But in terms of a human being, you’ll not find a more decent human being anywhere, and none of that viciousness changed him. He’s a recovering alcoholic, and he’s done all the things necessary to do that, and God is a paramount part of his life, and he puts his trust and faith in God, and that’s who he says he cares who judges him. All the rest of this was just noise to him, was not worthy of response, because he was just not gonna sully the office.

Now here we are, this is 2013, he’s been out of office for five years, and already — without a PR campaign, without a crisis PR management firm, without a studied media effort, just George W. Bush being who he is — he is experiencing a resurgence in likability, appreciation, love, whatever you want to call it, among young people who were not really old enough to fully appreciate how badly Bush was lied about.
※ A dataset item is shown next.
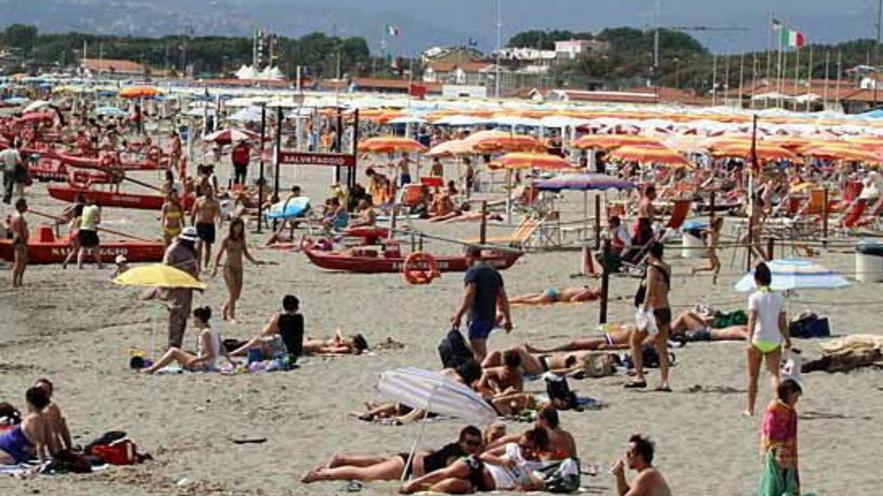 Rubava abiti in spiaggia arrestata dai carabinieri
So it’s not that big a leap for them to go from Bush being the absolute reprobate that the media portrayed him to being to being a cool hipster. He just is seen as a nice, cool hipster now. It does conflict somewhat with what they’ve been told. So I just find it fascinating, because here’s a guy who’s just stayed truly, totally dedicated to what he believes, unmoved and unwavered by all the external criticism — and it was vicious, and most people would have wilted under it after six months.

BREAK TRANSCRIPT

RUSH: The pope is being embraced by the left. By the way, if the pope can be embraced by the left, why not George W. Bush?